Betrunkene verletzt Polizisten, macht ihm aber auch Vorwürfe

Schon bei der Feststellung der Personalien vor dem Amtsgericht fängt die Kinnpartie von Stephanie P. verdächtig zu zittern an. Als dann Staatsanwalt Helmut Dworzak vorliest, dass die 25-Jährige in einer Märznacht auf der Feierbanane der Polizei gegenüber renitent war und einen Beamten getreten haben soll, als sie zur Wache gebracht werden sollte, gibt es kein Halten mehr: Die Studentin heult Rotz und Wasser. Als allerdings Jörg Zürner, ihr Anwalt, den Polizisten fragt, auf welcher Rechtsgrundlage die Frau mitgenommen und drei Stunden in einer Arrestzelle eingesperrt worden sei, gerät der in Erklärungsnot. Außerdem steht die Aussage der Münchnerin im Raum, der Polizist habe sie in der Zelle aufgefordert, ihren BH auszuziehen. Am Ende zieht der Beamte den Strafantrag zurück.

Mit etwa 1,8 Promille war die Lehramtsstudentin alles andere als nüchtern, als sie in der Nacht des 26. März gegen 4.30 Uhr zusammen mit ihrem amerikanischen Freund und dessen Clique nach Hofbräuhaus und Nachtclub bei der Disco Lenbachs & Söhne am Maximiliansplatz ankam. Dort kam es zu einer Rangelei mit dem Türsteher, weil der die betrunkenen Männer nicht in den Club lassen wollte. Einer aus der Gruppe zog sich eine blutende Wunde an der Augenbraue zu, die Polizei wurde alarmiert.

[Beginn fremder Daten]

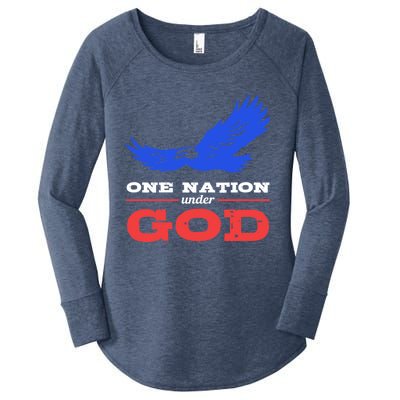 American Flag Patriot One Nation Under God Christian Verses Meaningful Gift Women's Perfect Tri Tunic Long Sleeve Shirt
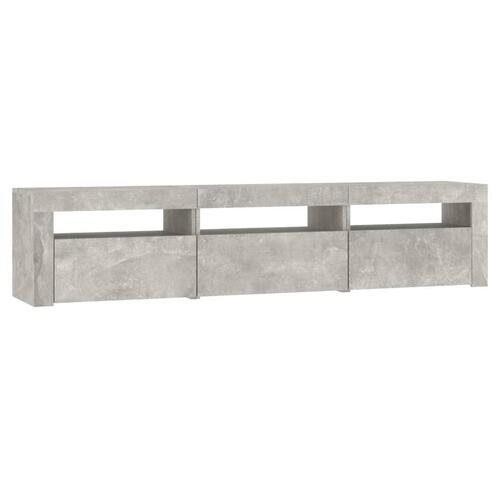 Tv-bord med LED-lys 180x35x40 cm betongrå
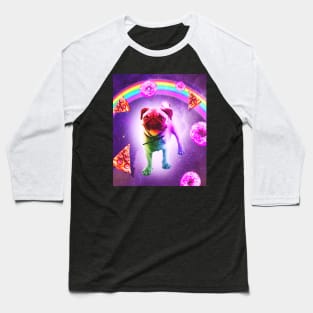 Rainbow Space Pug With Pizza And Doughnut Baseball T-Shirt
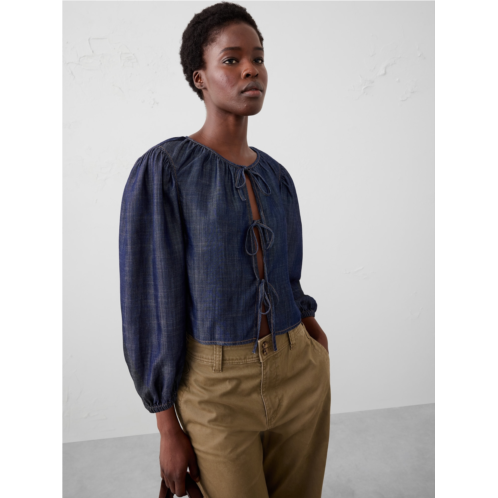 bananarepublic Denim Open Tie-Front Top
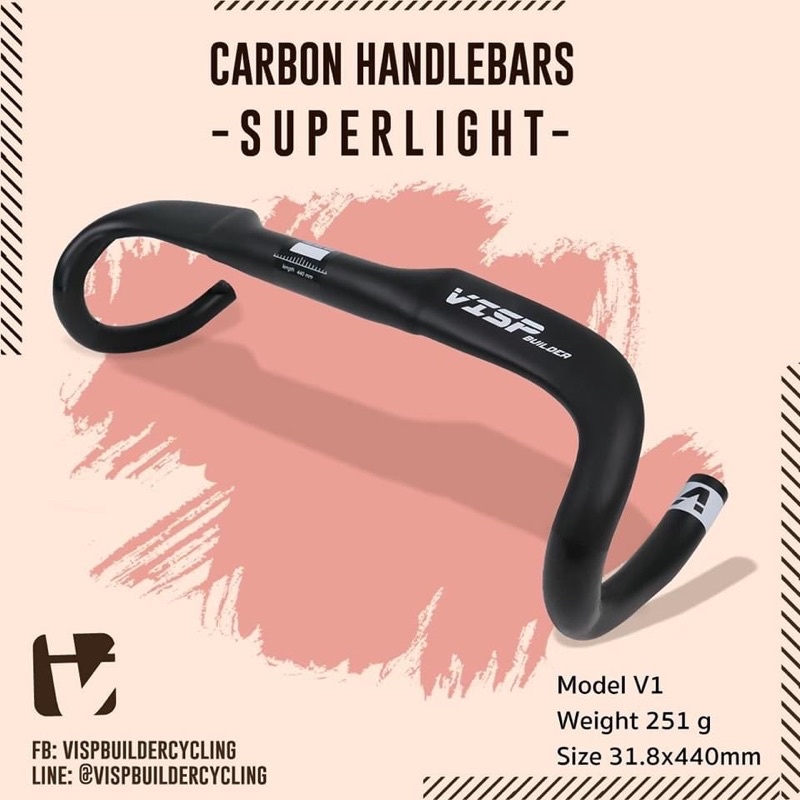 แฮนด์คาร์บอน Visp Builder V1 Handlebar น้ำหนักเบา สวยงาม ทรงแอร์โร่ไดนา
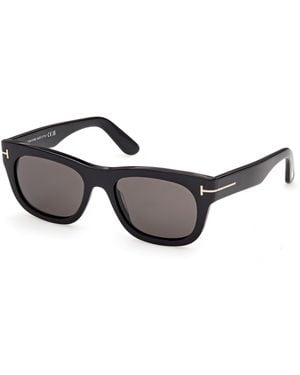 Tom Ford Ft1334 Marshall-02 01A Sunglasses Acetate Smoke Squared Normal - Black
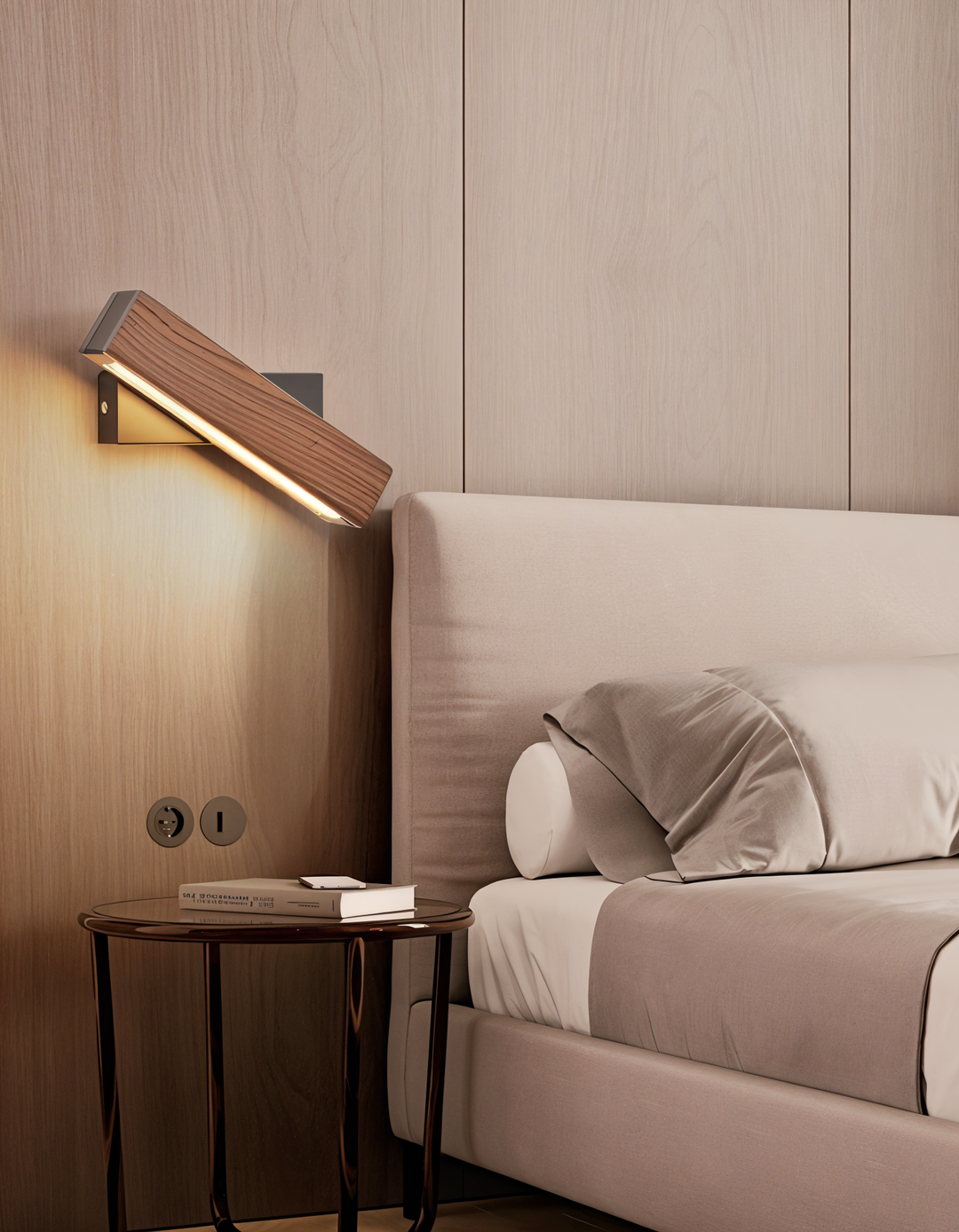 TwistLED Wall Lamp - 360° rotatable rectangular LED wall lamp made of wood | Kalsten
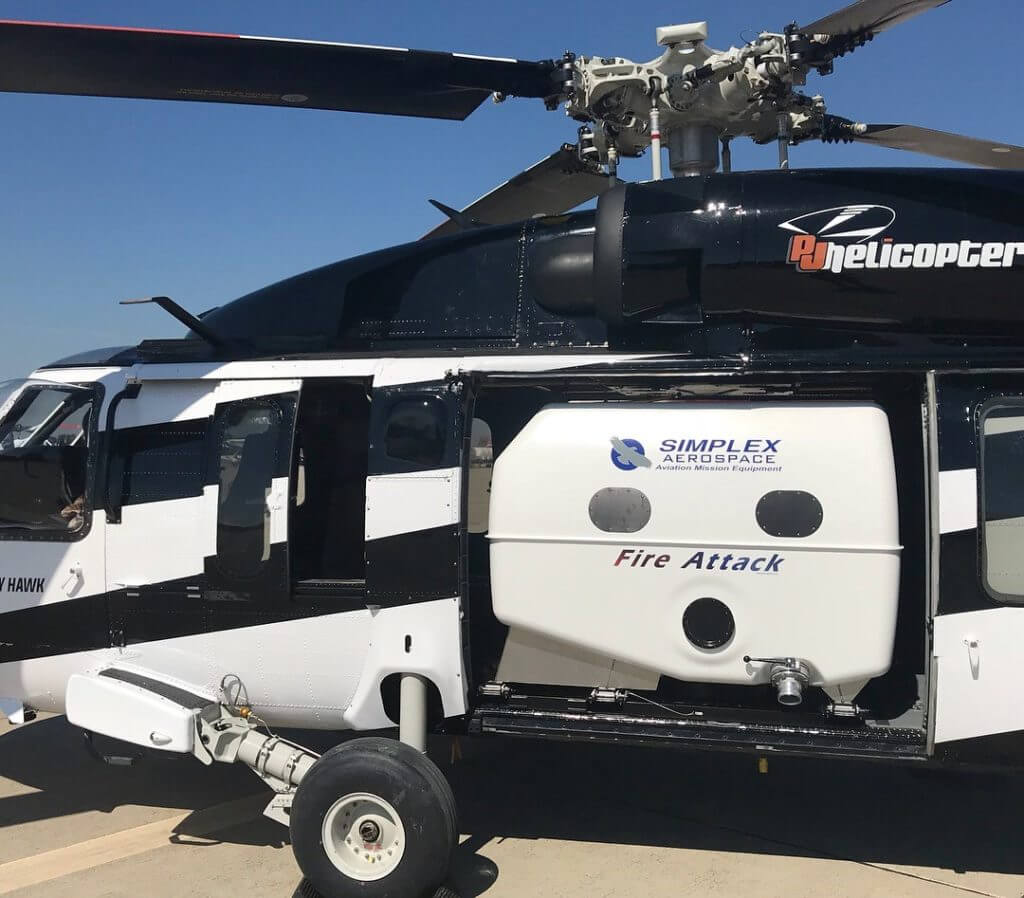 The Model 370i Fire Attack, shown above installed on the PJ Helicopters' UH-60 Utility Hawk (Red Bluff, California), is the first and only internal Fire Attack system for the Black Hawk helicopter developed principally for the restricted category civil aerial firefighting market. 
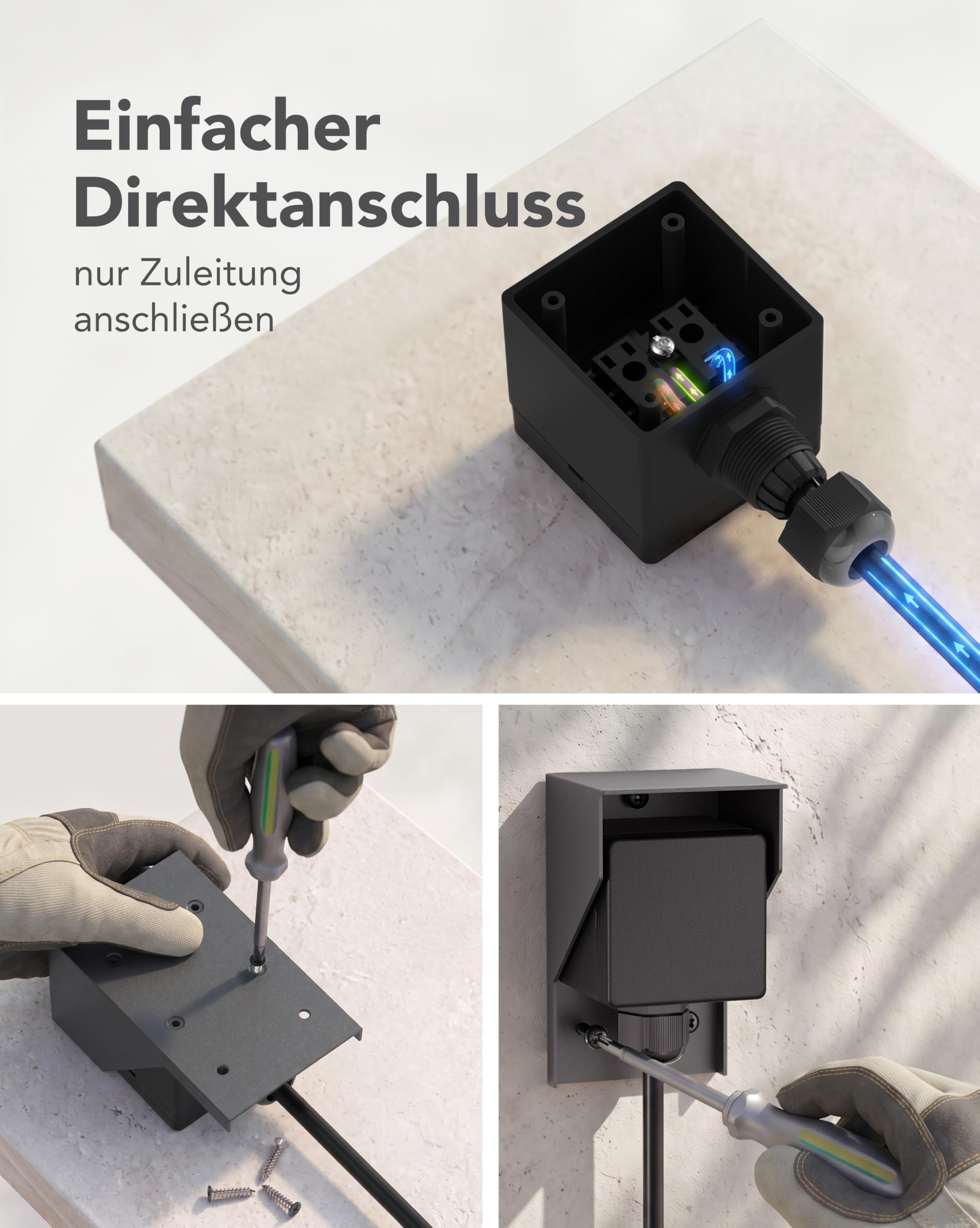 ledscom.de 3x Aufputz Steckdose PIWI für außen und 2m Kabel, IP44, 1-fach, anthrazit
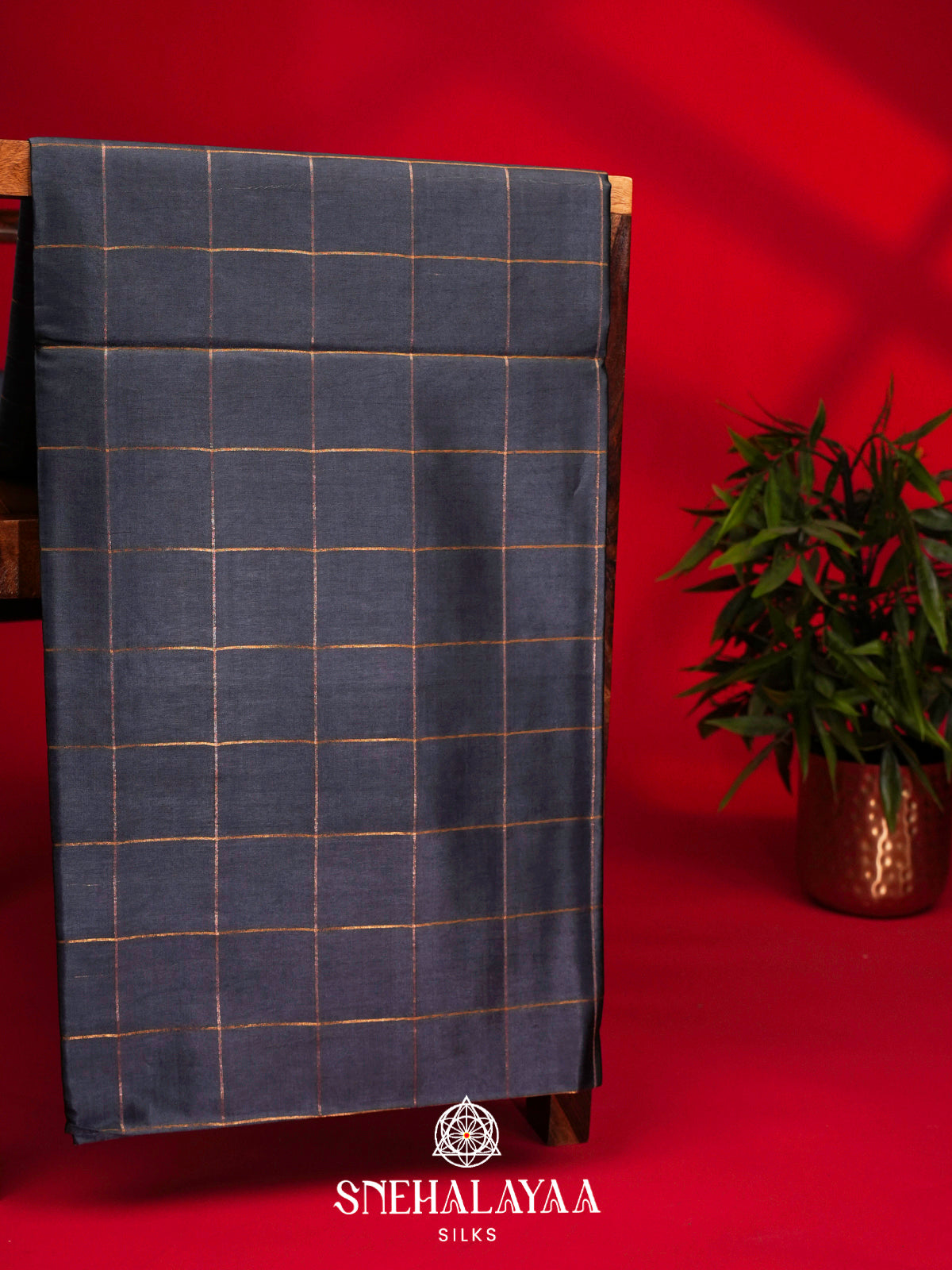 Blue Tussar Silk Saree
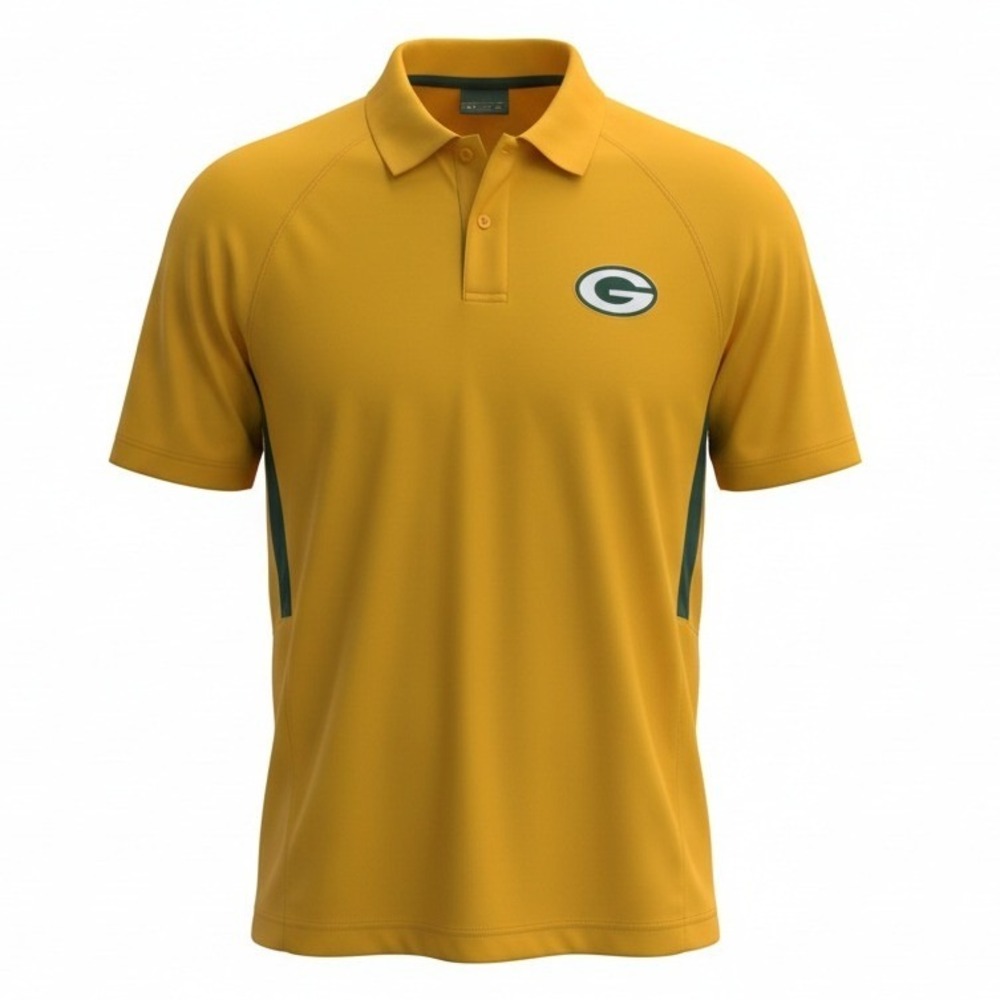Majestic Polo Shirt Mens M Gold Green Bay Packers NFL Cool Base KBEE Raglan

Als der Beamte der Altstadt-Inspektion mit seinem Kollegen ankam, sei die Lage ruhig gewesen, sagt er. Sie haben nur die Personalien aufnehmen wollen, "falls im Nachgang noch was kommt". Dabei habe die Angeklagte immer gestört, sie habe ihre Bekannten immer wegziehen wollen. Da sie auf mehrmalige Platzverweise nicht reagiert habe, habe man sie zum Polizeiauto gebracht, ihr die Hände auf den Rücken gefesselt und sie ins Auto geschoben. Dabei habe sie nach ihm getreten und ihn am Bein erwischt. Eine Schürfwunde war das Resultat. Im Auto sei die Frau dann ruhig gewesen. "Wir haben sie in die Arrestzelle gebracht und Kolleginnen dazu gerufen", sagt der Polizist aus. Dann sei er gegangen.

Bei der Angeklagten klingt das etwas anders. Sie gibt den Widerstand zu, entschuldigt sich dafür und übergibt dem Polizisten 250 Euro Schmerzensgeld. Sie habe sich in der Zelle bis auf die Unterwäsche ausziehen müssen, dann habe der Polizist gesagt, sie solle auch den BH aufmachen. "Da habe ich mich gewehrt und gesagt, dass ich mich vor ihm nicht ausziehen werde", sagt die Studentin. Dann seien ihrerseits Beleidigungen gefallen gegenüber den Beamtinnen, "von ihnen hätte ich mir Unterstützung erwartet".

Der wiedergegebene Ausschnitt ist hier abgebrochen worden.